Surgeries which were considered rare earlier are now more frequent. The first successful Norwood procedure was done last year. Norwood procedure is considered by many as the ultimate challenge to the pediatric cardiac team. Balancing systemic and pulmonary blood flow through subtle ventilator maneuvers, ionotropes and vasopressors can be very taxing to the intensive care team and requires the cohesive effort from an entire team. Initiation of total circulatory arrest for surgical repairs which was commonly practiced earlier to improve the visibility of the cardiac structures during surgery has gradually waned and has been replaced with the technique of deep hypothermia with low flow bypass.  Most centers are now attempting complete repair rather than palliative procedures at birth. Devices for trans-catheter techniques have become more miniaturized with sophisticated designs. Hybrid procedures are increasing in numbers.
Realizing the importance of specific training in the field of pediatric cardiology, a structured training program was initiated by the National Board of Education, New Delhi, in Pediatric Cardiology (Fellowship). The Indian Association of Cardiovascular and Thoracic Anaesthesiolgists (IACTA) laudably started a workshop in in association with Indian Association of Echocardiography. A Fellowship in TEE is also awarded by the IACTA. Realizing the importance of pediatric cardiac surgery in the country, the Medical Council of India is starting post doctoral courses in Pediatric Cardiology, in Cardiac Anesthesia and Mch in Pediatric Cardiac Surgery.
The success of a pediatric cardiac surgery program is dependent on the development of a cohesive team of individuals comprising the pediatric cardiologist, the cardiac surgeon, the pediatric cardiac anesthesiologist, perfusionists, nurses and respiratory therapists.
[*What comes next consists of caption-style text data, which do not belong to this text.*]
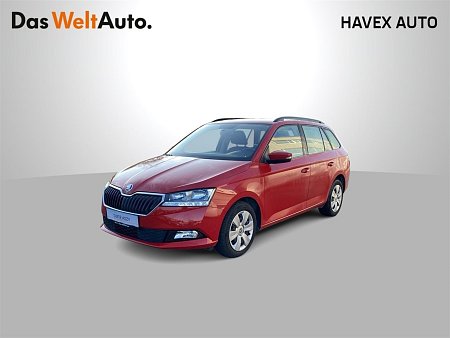 Škoda Fabia Combi 1.0 MPI  Active  - havex.cz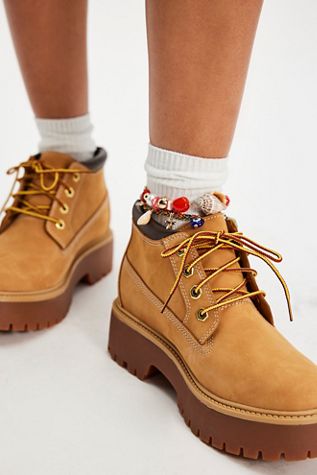 Timberland Stone Street Mid Lace-Up Waterproof Boots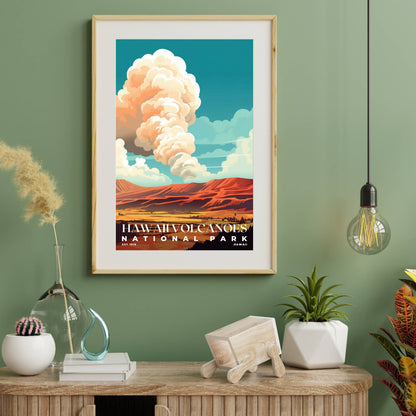 Hawaii Volcanoes National Park Poster | S03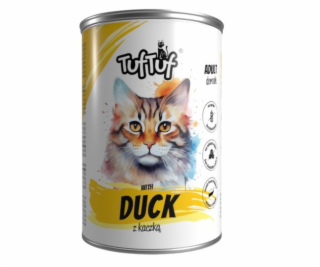 TUF TUF Meal s kachnou - mokré krmivo pro kočky - 400g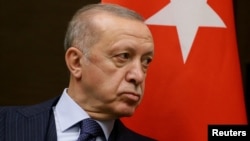 Turkiya Prezidenti Rajab Toyyib Erdog'an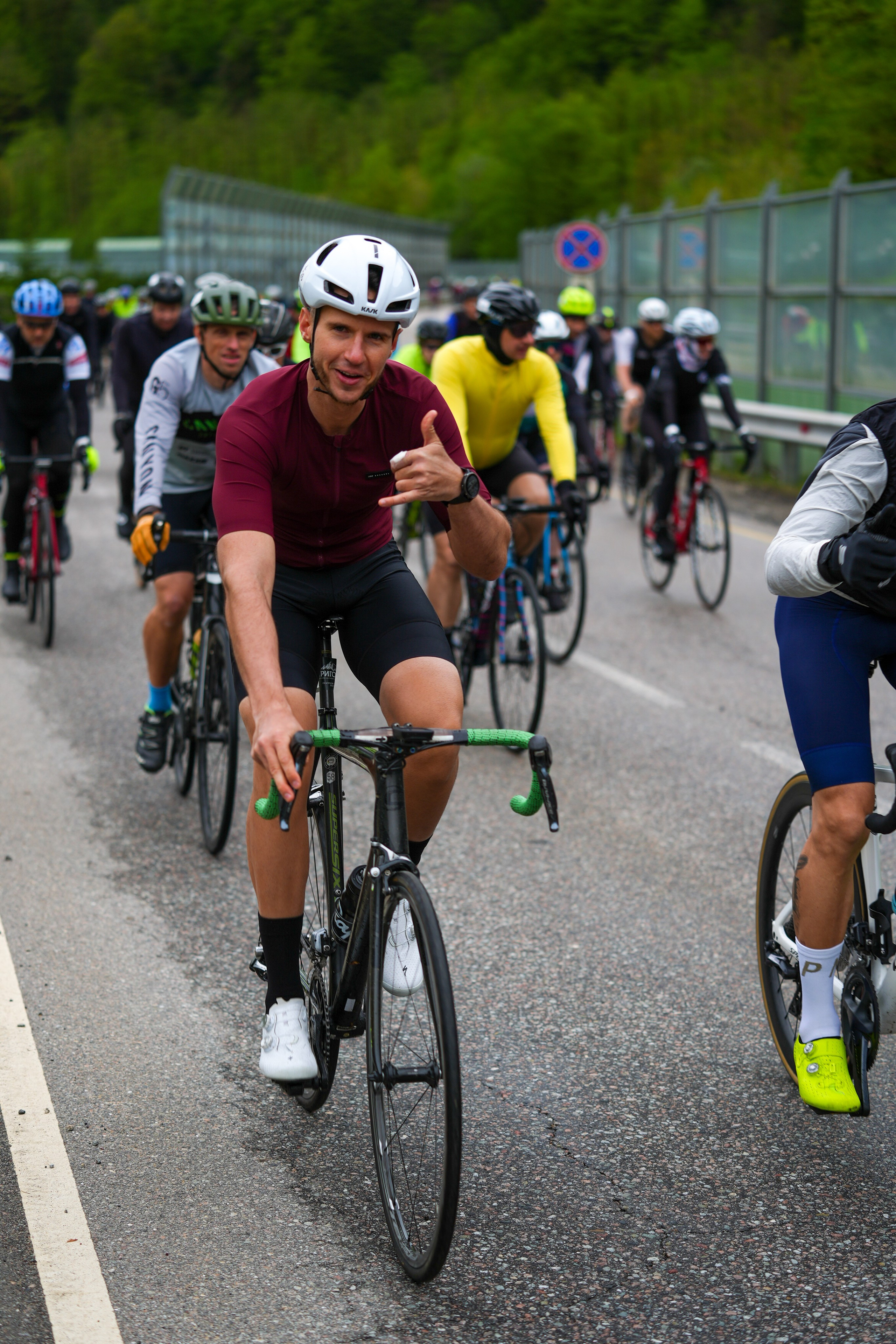 Велогонка «Три горы» на курортах горного кластера Красная Поляна. Репортажный фотограф в Красной Поляне и Сочи Павлюченко Екатерина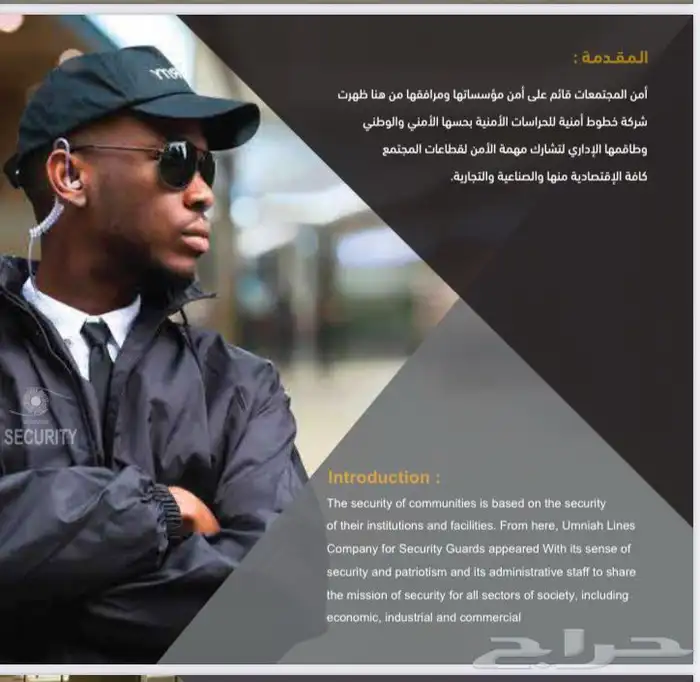 شركة حراسات اننيه 0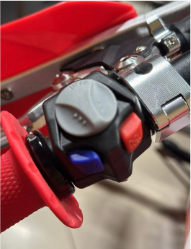 Пульт многофункциональный для мотоцикла Hasky F6/F6pro/F7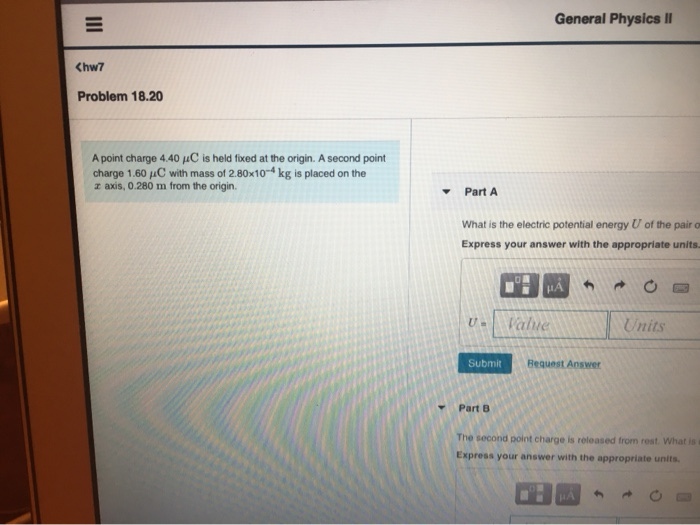 Solved General Physics II | Chegg.com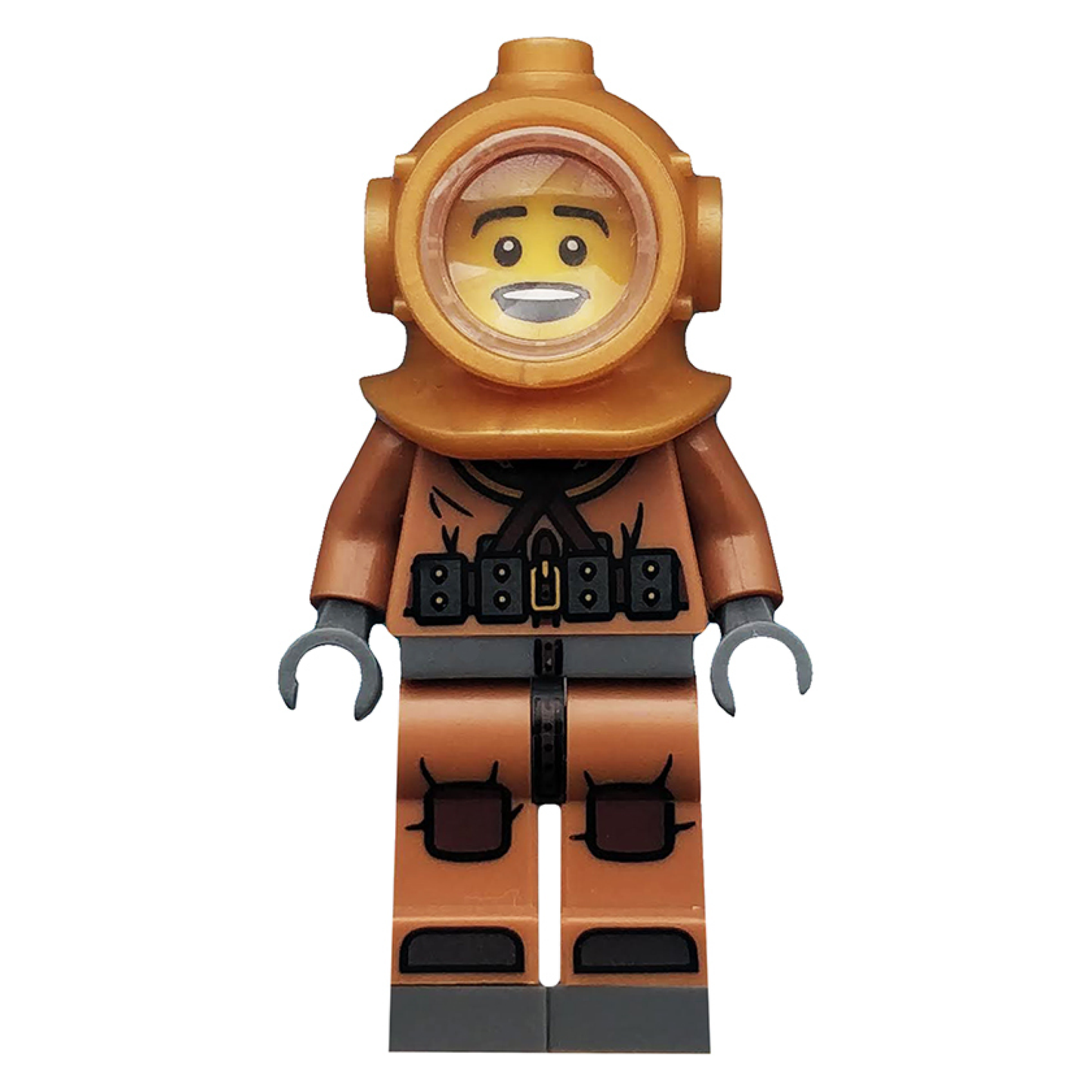 LEGO Minifigures Series 8 Diver – Deep‑Sea Diver Minifigure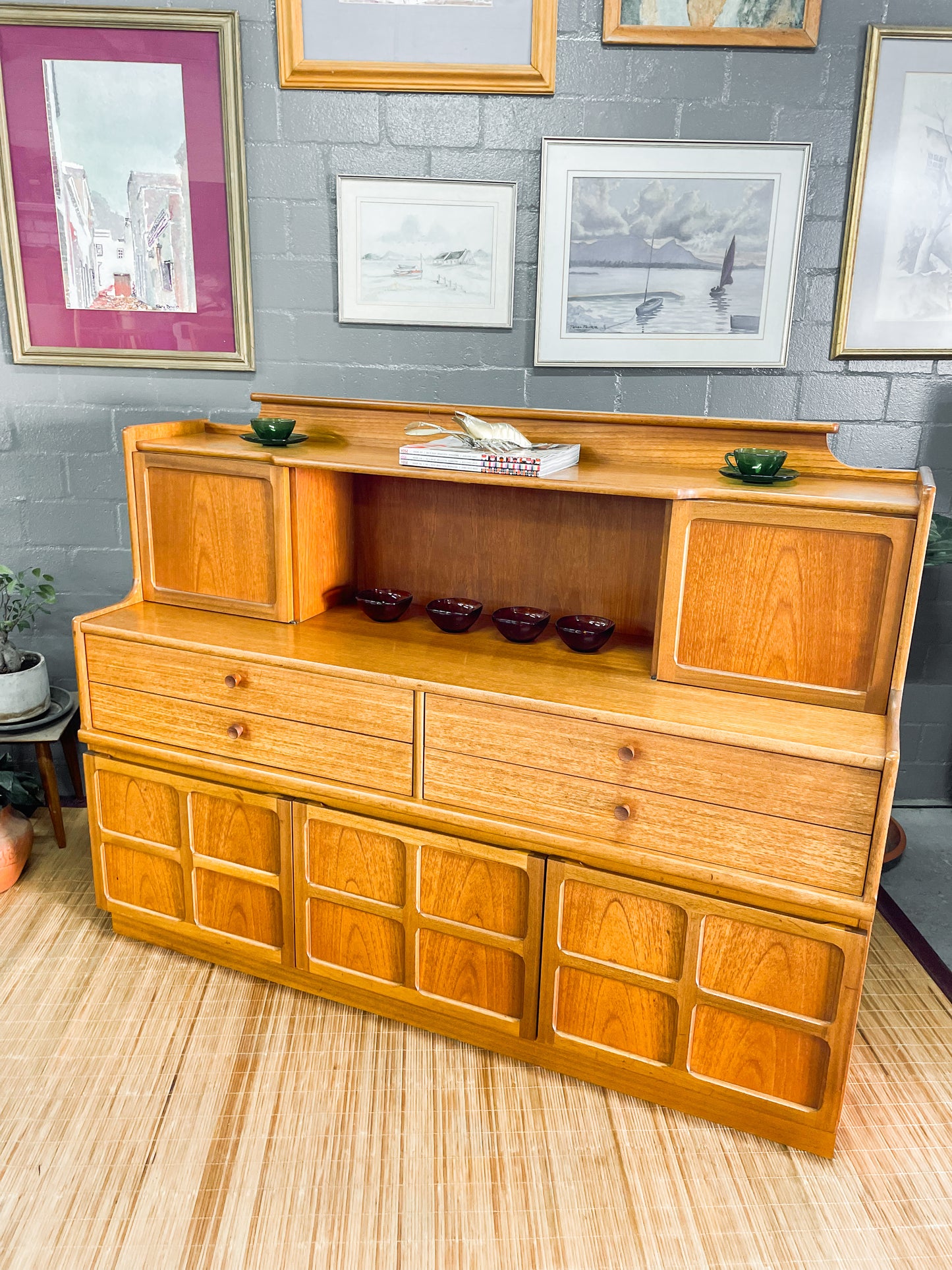 Mid Century Nathan Sideboard
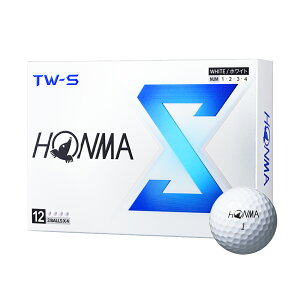 HONMA�i�{�ԁj2024 TW-S �{�[���iBTQ2403�j �z���C�g/�C�G���[ �X���[�u/�_�[�X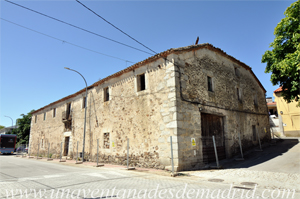 Cabanillas de la Sierra, Casa de Postas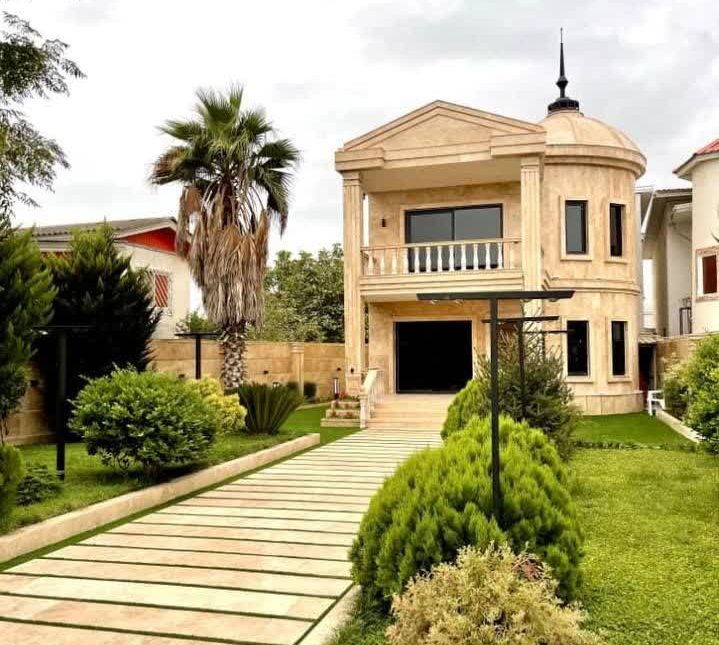 خرید ویلا باغ 500 متری شمال | ۵۰۰ متر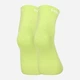 Шкарпетки Head QUARTER 3P UNISEX сірий, зелений, білий Уні 43-46 761011001-009 43-46 - зображення 3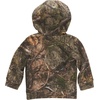 image:imageCarhartt Kids CA6273 LongSleeve HalfZip Sweatshirt  BoysMossy Oak Country Dna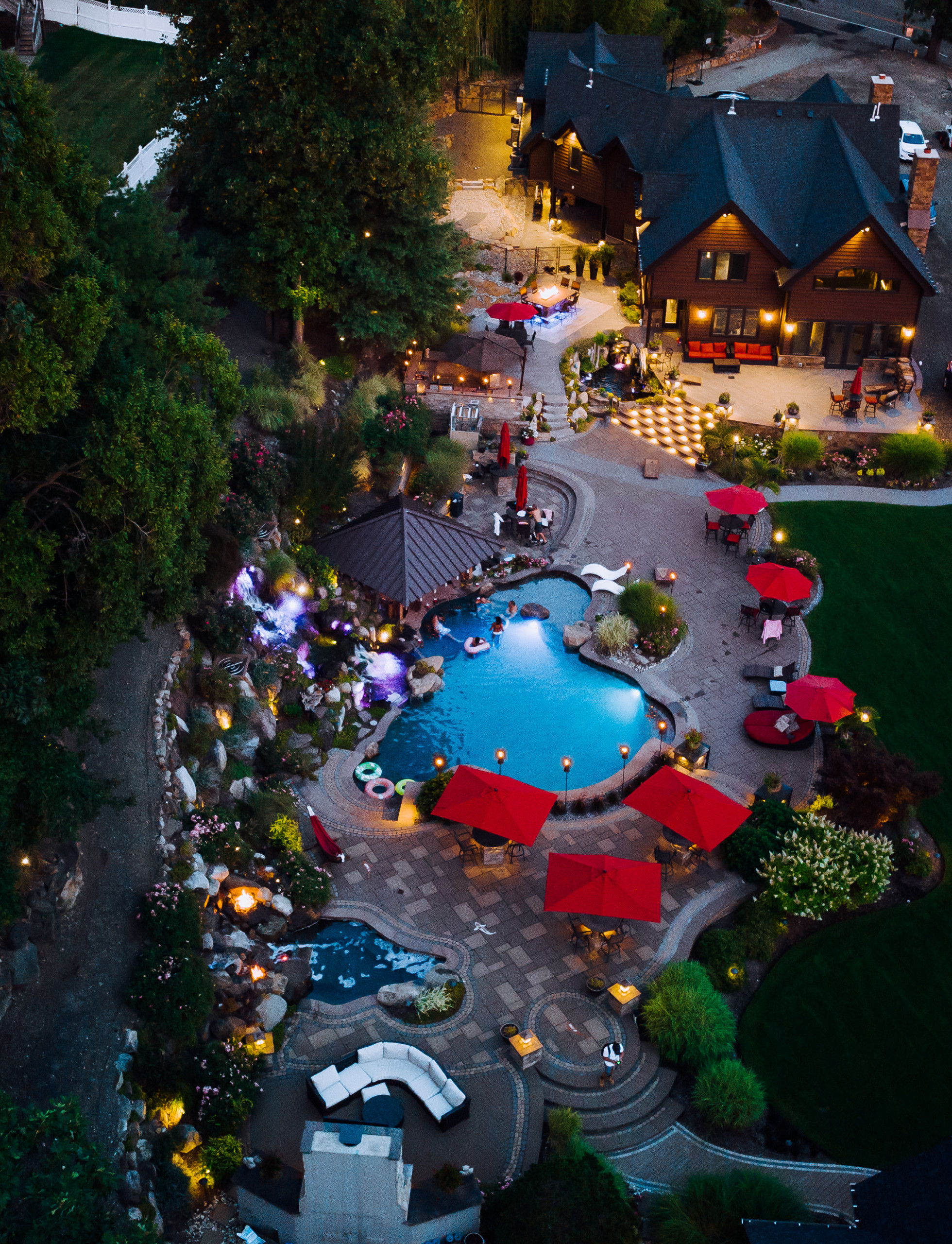 National Award Winning Pool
Challenges for the future include development of independent pediatric cardiac surgical programs, further development of hybrid procedures and development of innovative indigenous technology which can reduce the cost of pediatric cardiac programs. There definitely is light at the end of the tunnel.
Finally, as a cardiac anesthesiologist, the question that naturally comes to the author's mind is, "Is it time for the society (IACTA) to recommend the formation of a subspecialty in pediatric cardiac anesthesia"?